Les scientifiques eurent l’occasion de rencontrer le directeur de l’école ainsi que les spécialistes indigènes. Leur commentaires concernant leur récente expérience avec un chamane indigène furent positifs. Mais plusieurs spécialistes les mirent en garde au sujet des abus pouvant se produire avec le chamanisme ayahuasca. Ils dirent que des sorciers travaillaient avec l’ayahuasca et envoyaient des fléchettes dans des individus pour leur infliger des maladies. Ils relevèrent aussi que l’ayahuasca est à double fil: “la plante peut te faire voir des choses qui te feront du mal”, dit l’un d’entre eux. Ils soulignèrent que l’utilisation de l’ayahuasca requiert l’accompagnement  d’un ayahuasquero talentueux et bien formé. En bonne santé mental et physique.

Les spécialistes demandèrent aux scientifiques: Quelle est la nature de la science? Où se trouve son centre? L’un des scientifiques répondit que la science était fragmentée en différentes disciplines et qu’elle était pratiquée dans de nombreux pays. Il dit aussi que, de son point de vue, il était important que les jeunes indigènes s’informent au sujet de la science , puisqu’elle constitue, à l’heure actuelle, la forme dominante de savoir au niveau planétaire. En guise de réponse, l’un des spécialistes dit qu’il était d’accord, mais qu’il pensait également que les scientifiques devraient envisager d’envoyer leurs enfants en Amazonie pour apprendre à connaitre le savoir indigène. De cette façon, dit-il, ils bénéficieraient eux aussi d’une éducation complète.

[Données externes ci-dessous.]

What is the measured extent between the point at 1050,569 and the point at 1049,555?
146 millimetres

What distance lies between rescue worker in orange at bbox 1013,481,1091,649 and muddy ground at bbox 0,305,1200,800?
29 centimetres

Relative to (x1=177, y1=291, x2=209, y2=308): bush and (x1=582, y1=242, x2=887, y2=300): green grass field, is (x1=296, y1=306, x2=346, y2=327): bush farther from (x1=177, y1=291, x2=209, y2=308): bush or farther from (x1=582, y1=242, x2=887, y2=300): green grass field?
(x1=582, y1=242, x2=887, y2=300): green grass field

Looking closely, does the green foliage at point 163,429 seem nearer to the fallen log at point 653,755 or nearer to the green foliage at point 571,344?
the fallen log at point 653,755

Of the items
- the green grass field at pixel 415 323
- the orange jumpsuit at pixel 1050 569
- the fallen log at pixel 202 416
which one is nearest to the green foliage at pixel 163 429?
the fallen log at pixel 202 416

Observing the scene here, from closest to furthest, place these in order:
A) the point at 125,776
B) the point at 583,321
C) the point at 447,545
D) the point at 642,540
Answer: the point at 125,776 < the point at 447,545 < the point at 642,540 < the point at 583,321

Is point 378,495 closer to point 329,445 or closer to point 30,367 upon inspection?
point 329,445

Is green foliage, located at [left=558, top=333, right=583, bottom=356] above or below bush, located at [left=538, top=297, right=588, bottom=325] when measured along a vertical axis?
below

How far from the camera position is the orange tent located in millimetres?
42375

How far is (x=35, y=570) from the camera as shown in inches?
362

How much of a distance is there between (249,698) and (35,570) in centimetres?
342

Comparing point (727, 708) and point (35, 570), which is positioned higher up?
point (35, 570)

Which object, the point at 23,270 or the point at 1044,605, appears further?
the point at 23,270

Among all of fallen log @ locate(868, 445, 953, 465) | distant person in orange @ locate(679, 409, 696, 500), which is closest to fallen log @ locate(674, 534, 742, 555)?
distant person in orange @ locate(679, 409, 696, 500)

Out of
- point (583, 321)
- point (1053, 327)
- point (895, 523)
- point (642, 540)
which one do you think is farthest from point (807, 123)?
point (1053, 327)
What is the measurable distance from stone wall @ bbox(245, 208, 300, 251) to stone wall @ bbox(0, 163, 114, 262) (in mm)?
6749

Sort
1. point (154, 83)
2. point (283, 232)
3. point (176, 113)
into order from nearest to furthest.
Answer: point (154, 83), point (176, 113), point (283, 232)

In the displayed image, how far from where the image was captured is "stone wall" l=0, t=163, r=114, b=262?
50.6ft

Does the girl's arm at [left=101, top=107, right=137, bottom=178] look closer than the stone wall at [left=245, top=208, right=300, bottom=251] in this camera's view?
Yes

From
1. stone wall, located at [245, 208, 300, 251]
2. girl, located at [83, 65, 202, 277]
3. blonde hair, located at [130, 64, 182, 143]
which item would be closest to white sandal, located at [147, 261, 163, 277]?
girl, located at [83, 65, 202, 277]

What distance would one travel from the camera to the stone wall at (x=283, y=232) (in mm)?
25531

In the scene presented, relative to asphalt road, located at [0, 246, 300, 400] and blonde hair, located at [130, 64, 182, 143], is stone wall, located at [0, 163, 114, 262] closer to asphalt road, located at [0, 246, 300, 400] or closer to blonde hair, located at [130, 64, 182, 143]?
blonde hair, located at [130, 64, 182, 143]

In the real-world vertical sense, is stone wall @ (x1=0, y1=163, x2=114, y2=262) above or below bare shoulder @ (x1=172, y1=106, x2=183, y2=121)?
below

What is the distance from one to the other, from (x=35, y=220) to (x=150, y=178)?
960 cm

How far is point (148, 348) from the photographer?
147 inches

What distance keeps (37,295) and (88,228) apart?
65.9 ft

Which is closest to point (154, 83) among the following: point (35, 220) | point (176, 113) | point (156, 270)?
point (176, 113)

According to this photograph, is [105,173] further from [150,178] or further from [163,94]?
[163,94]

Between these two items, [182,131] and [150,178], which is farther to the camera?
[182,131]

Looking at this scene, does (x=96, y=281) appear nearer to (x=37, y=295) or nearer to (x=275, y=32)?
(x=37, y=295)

Une fois que tout le monde eut parlé, le directeur Aguaruna de l’école nous remercia de notre visite et dit: “Ici, en Amazonie, notre connaissance a souvent été prise par d’autres, sans que nous n’en retirions aucun bénéfice. Maintenant, nous aussi, nous aimerions pouvoir y trouver quelques avantages.” Il indiqua qu’un accord compensatoire pour le savoir fourni par les indigènes se devait d’être signé avant que toute recherche ne soit poursuivie.

Cette expérience semblait donc indiquer que les scientifiques peuvent apprendre des choses en travaillant avec des chamanes amazoniens indigènes.

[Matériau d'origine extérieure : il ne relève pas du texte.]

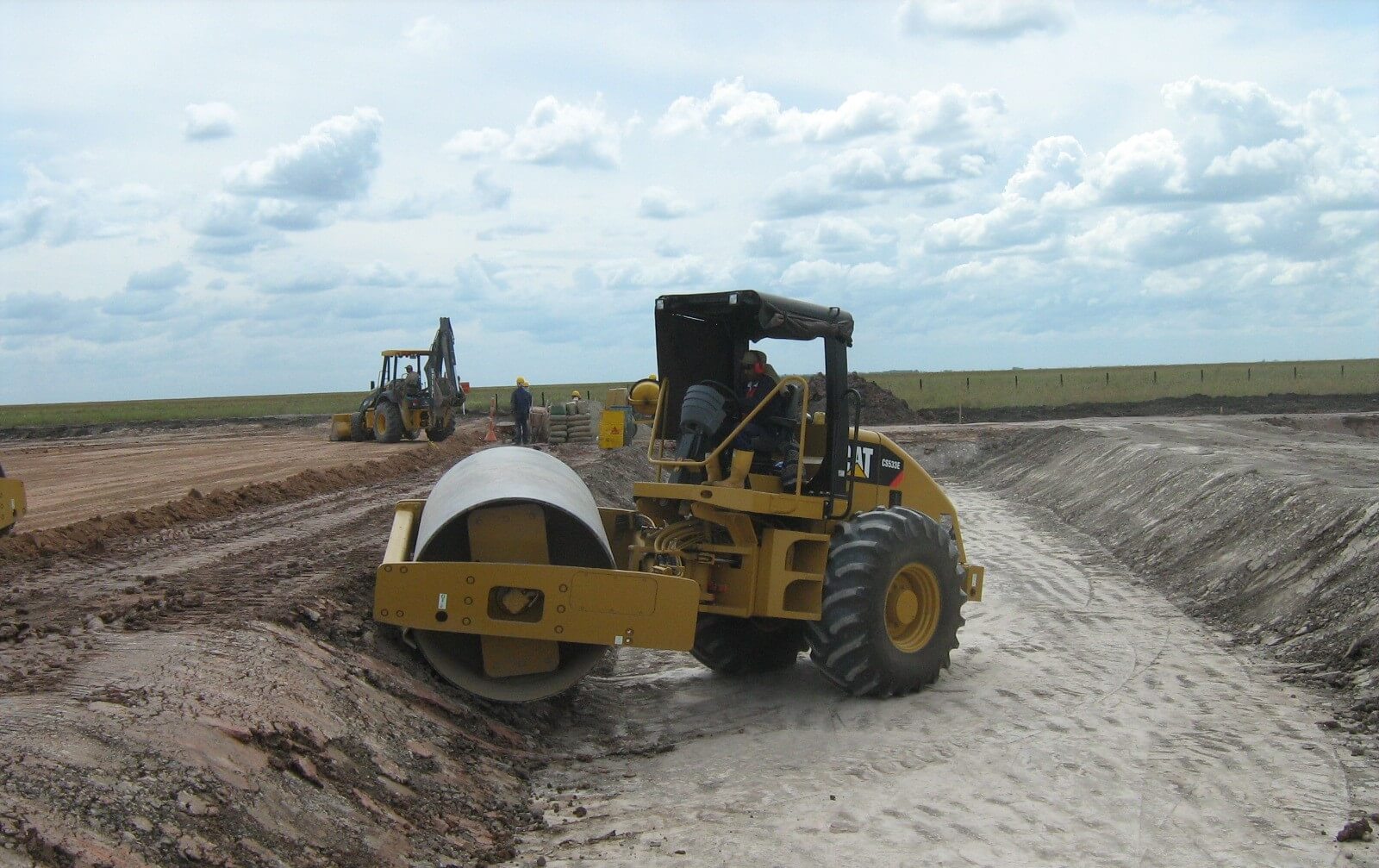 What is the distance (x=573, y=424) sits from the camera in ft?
112

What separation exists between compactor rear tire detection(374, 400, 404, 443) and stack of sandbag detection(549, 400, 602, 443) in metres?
4.36

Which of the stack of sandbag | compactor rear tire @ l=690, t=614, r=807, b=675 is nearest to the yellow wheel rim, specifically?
compactor rear tire @ l=690, t=614, r=807, b=675

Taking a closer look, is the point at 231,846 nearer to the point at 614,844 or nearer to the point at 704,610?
the point at 614,844

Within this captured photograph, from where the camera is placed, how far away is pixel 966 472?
1187 inches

Certains observateurs ont suggéré que nous assistons à la fin du chamanisme selon sa définition classique. Mais la rencontre entre chamanes et scientifiques ressemblait plus à un commencement.”

JEREMY NARBY

2000

Mes ami(e)s proches connaissent ma position sur les enthéogènes, et le profond respect que je porte au monde végétal. Dans chaque processus initiatiques auquel j’ai eu la chance de participer, les plantes ont toujours eu un rôle important.

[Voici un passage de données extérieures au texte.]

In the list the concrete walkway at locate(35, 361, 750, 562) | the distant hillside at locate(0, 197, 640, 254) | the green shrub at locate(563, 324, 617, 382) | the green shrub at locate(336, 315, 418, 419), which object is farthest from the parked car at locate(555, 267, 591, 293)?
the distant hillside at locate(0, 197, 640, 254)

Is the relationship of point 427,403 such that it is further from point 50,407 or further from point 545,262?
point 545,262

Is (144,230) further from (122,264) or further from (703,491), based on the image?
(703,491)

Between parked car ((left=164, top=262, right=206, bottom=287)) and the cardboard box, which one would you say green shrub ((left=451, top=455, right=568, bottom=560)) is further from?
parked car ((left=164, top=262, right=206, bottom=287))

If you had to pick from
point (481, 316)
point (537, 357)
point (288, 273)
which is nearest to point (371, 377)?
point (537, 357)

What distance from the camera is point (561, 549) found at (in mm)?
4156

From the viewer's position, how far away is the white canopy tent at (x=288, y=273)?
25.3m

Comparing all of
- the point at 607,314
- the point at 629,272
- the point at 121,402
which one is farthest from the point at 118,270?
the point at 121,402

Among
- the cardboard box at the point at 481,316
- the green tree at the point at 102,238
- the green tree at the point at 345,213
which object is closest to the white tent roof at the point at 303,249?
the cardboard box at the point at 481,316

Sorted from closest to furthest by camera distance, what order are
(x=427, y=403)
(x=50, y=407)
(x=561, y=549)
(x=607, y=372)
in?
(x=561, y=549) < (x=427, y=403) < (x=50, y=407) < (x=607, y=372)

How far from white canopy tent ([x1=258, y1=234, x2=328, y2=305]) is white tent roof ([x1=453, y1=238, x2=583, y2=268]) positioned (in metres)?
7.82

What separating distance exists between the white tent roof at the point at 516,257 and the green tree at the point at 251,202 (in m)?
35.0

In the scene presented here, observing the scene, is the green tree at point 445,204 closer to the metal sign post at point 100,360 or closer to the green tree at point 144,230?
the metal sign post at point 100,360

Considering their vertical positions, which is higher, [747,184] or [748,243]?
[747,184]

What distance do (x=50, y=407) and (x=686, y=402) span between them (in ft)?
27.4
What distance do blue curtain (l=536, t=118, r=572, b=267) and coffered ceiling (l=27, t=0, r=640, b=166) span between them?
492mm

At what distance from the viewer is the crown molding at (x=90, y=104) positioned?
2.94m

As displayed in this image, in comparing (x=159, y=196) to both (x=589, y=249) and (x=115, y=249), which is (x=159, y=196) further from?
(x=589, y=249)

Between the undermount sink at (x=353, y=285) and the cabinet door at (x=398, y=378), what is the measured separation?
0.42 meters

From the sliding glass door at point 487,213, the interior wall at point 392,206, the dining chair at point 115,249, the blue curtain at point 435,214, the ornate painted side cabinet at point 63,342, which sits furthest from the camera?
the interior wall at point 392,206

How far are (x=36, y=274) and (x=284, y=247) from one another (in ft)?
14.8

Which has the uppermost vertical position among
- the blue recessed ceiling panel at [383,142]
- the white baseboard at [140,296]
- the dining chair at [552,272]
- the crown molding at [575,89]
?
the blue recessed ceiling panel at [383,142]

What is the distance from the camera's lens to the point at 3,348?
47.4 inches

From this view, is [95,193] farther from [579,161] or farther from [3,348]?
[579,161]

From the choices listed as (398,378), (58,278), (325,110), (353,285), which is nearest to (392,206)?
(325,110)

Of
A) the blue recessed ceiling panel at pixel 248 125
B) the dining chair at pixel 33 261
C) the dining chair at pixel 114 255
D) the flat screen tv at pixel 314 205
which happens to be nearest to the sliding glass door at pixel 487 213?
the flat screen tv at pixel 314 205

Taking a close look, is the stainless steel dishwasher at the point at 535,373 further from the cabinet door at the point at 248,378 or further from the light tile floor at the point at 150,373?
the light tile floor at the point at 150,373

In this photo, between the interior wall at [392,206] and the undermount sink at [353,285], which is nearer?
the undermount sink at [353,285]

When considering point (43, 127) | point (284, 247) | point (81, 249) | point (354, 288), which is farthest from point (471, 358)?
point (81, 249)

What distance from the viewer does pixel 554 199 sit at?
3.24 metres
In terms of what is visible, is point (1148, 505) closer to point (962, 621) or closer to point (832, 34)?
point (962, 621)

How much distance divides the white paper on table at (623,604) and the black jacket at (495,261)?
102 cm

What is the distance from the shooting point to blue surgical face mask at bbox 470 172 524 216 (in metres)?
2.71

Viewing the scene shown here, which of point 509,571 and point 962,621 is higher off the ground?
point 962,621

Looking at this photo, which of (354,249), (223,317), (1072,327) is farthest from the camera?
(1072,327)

Nous apprenons des esprits bien plus que des hommes.

Je précise tout de même que cet article n’a pas vocation a orienter vers la consommation de produits qui pour certains sont, dans plusieurs pays d’Europe, prohibés.

Aucun prosélytisme à ce sujet dans la démarche. Cette notion est simplement une réalité dans de nombreux systèmes de croyance sur plusieurs continents.

Antropologue colombien, luis Eduardo Luna parle ici des “plantes qui enseignent”, un concept central du chamanisme mestizo de l’Amazonie péruvienne. Luna démontre qu’il suffit d’écouter les gens avec attention pour apprendre beaucoup de choses. Pour une fois, anthropologue et chamanes parlent la même langue: L’espagnol.

Bonne lecture les ami(e)s

Dans la ville d’Iquitos et ses environs, la médecine populaire est une tradition encore florissante. Les praticiens, dont certains peuvent être qualifiés de chamanes, contribuent de façon importante à la santé psychosomatique des habitants de la région. Ces derniers comptent dans leur rang des vegetalistas, ou spécialistes des plantes, qui se servent d’un certain nombre de plantes appelées doctores, ou plantes qui enseignent. Ils croient que, s’ils s’astreignent à quelques règles, dont l’isolement suivi d’un régime spécifique, ces plantes ont le pouvoir de leur “enseigner” comment diagnostiquer et soigner les maladies, comment mener à bien d’autres tâches chamaniques, habituellement grâce à des mélodies magiques ou icaros, et comment utiliser les plantes médicinales.

Quatre chamanes ont été interrogés sur la nature et l’identité de ces plantes magiques, le régime à suivre, la manière dont s’opère la transmission du pouvoir chamanique, la nature de leurs esprits auxiliaires et la fonction des mélodies magiques que leur enseignent les plantes. (…)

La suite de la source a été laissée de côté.